[INPUT FOR THIS TASK]:
—————

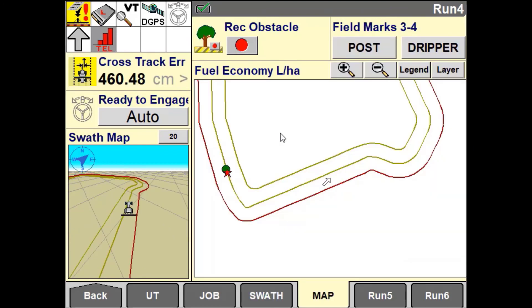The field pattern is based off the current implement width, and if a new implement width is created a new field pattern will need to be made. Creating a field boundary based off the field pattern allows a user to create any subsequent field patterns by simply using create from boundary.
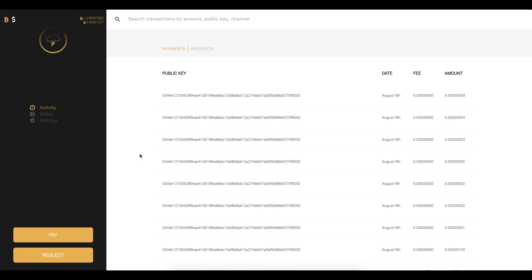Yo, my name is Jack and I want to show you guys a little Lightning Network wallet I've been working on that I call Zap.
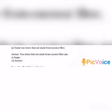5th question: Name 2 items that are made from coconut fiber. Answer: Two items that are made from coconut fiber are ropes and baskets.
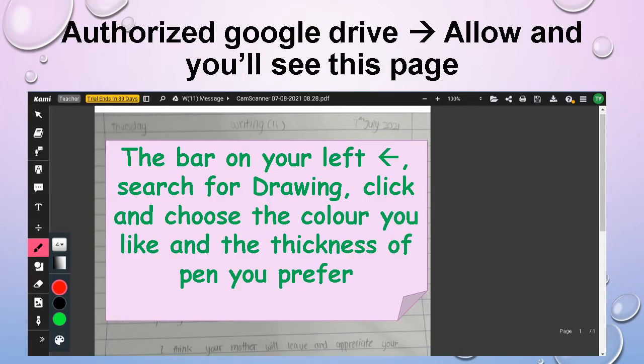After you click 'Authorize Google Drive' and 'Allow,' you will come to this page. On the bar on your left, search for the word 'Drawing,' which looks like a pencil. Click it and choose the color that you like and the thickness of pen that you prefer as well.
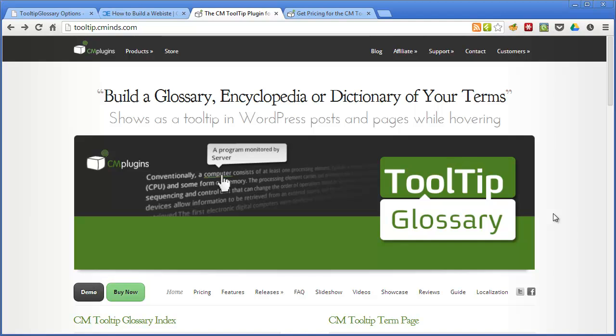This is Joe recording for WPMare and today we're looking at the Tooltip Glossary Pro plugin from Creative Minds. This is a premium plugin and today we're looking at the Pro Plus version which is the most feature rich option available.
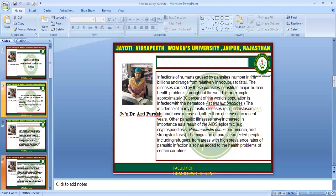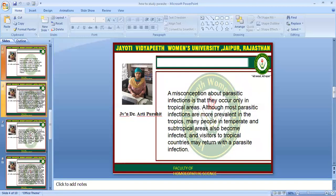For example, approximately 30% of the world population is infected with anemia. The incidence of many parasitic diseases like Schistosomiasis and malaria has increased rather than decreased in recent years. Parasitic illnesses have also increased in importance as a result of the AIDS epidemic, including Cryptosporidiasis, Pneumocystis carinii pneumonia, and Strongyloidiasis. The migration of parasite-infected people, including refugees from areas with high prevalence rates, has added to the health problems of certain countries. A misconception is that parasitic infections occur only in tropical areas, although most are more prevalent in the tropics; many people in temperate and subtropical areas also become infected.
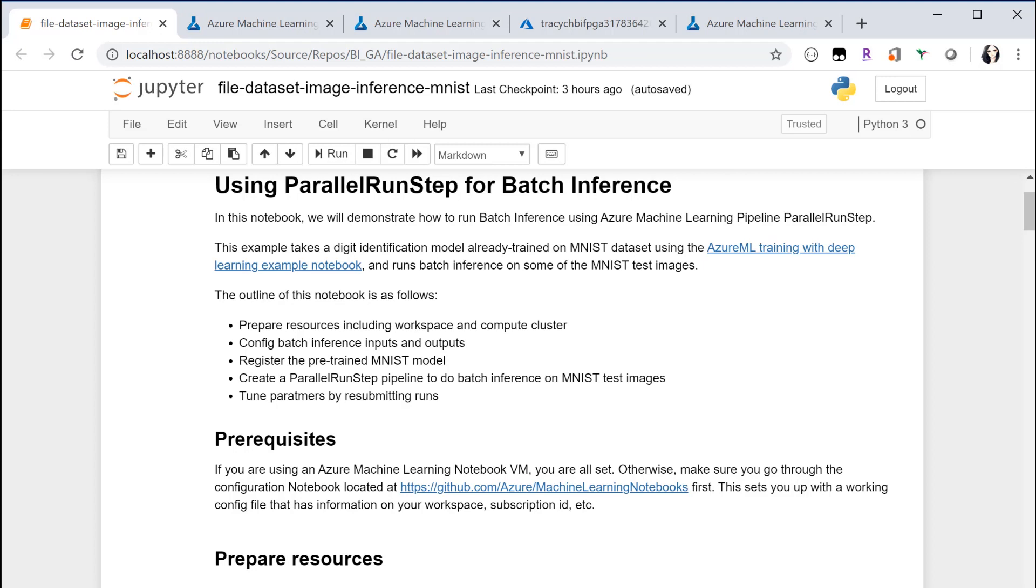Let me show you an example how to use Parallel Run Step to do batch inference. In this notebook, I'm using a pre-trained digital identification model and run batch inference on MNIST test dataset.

—————

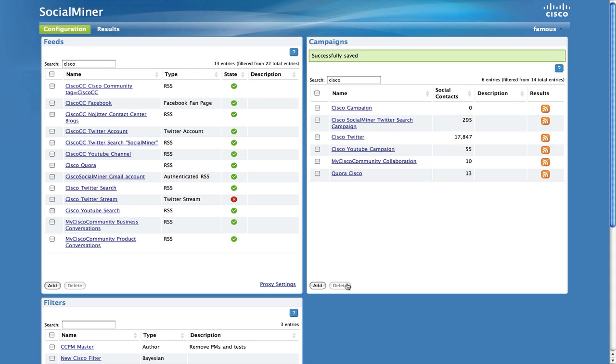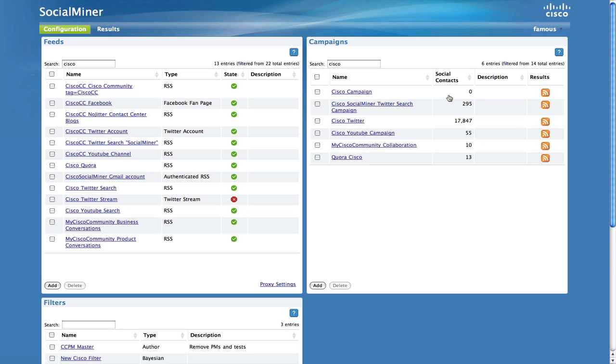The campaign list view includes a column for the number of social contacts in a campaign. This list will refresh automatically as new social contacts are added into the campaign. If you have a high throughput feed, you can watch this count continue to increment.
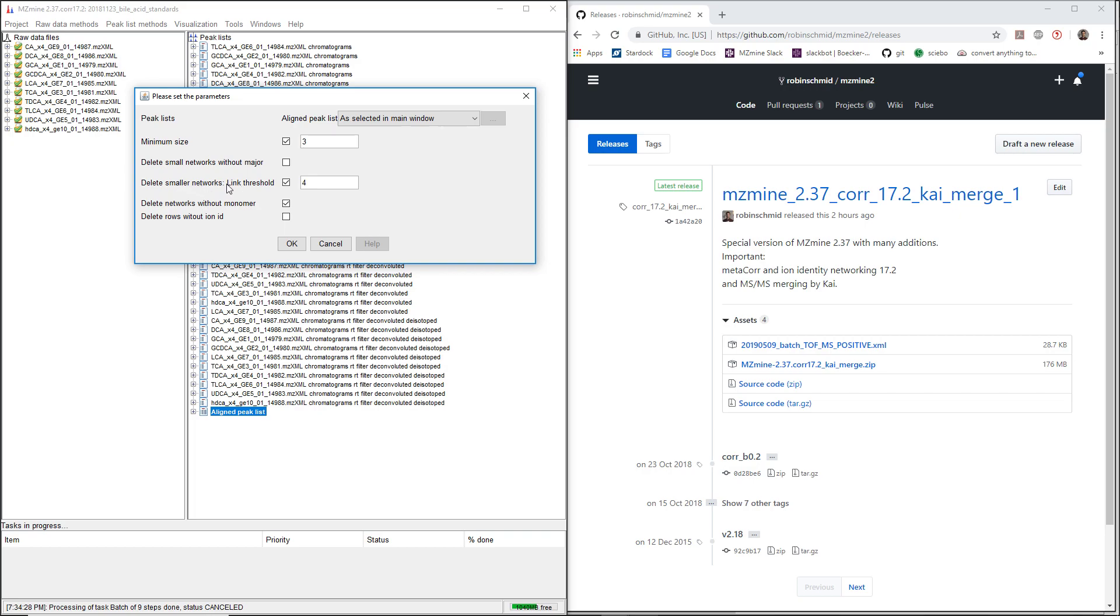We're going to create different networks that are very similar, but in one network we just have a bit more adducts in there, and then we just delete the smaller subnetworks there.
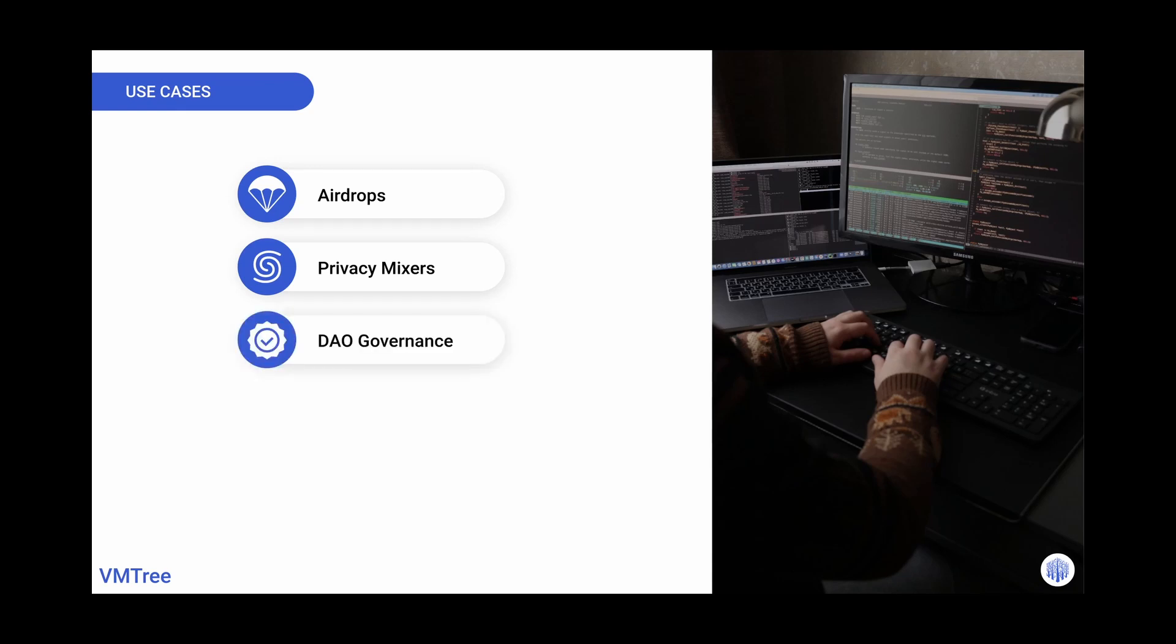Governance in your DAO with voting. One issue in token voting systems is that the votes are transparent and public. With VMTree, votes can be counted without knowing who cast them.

—————

[TASK DESCRIPTION]: Your copy should hold only the lines above from the one containing "Yo, my name" through the one containing "5th question: Name", exactly as written and free of pictures.

[WRITTEN ANSWER]:
Yo, my name is Jack and I want to show you guys a little Lightning Network wallet I've been working on that I call Zap.
5th question: Name 2 items that are made from coconut fiber. Answer: Two items that are made from coconut fiber are ropes and baskets.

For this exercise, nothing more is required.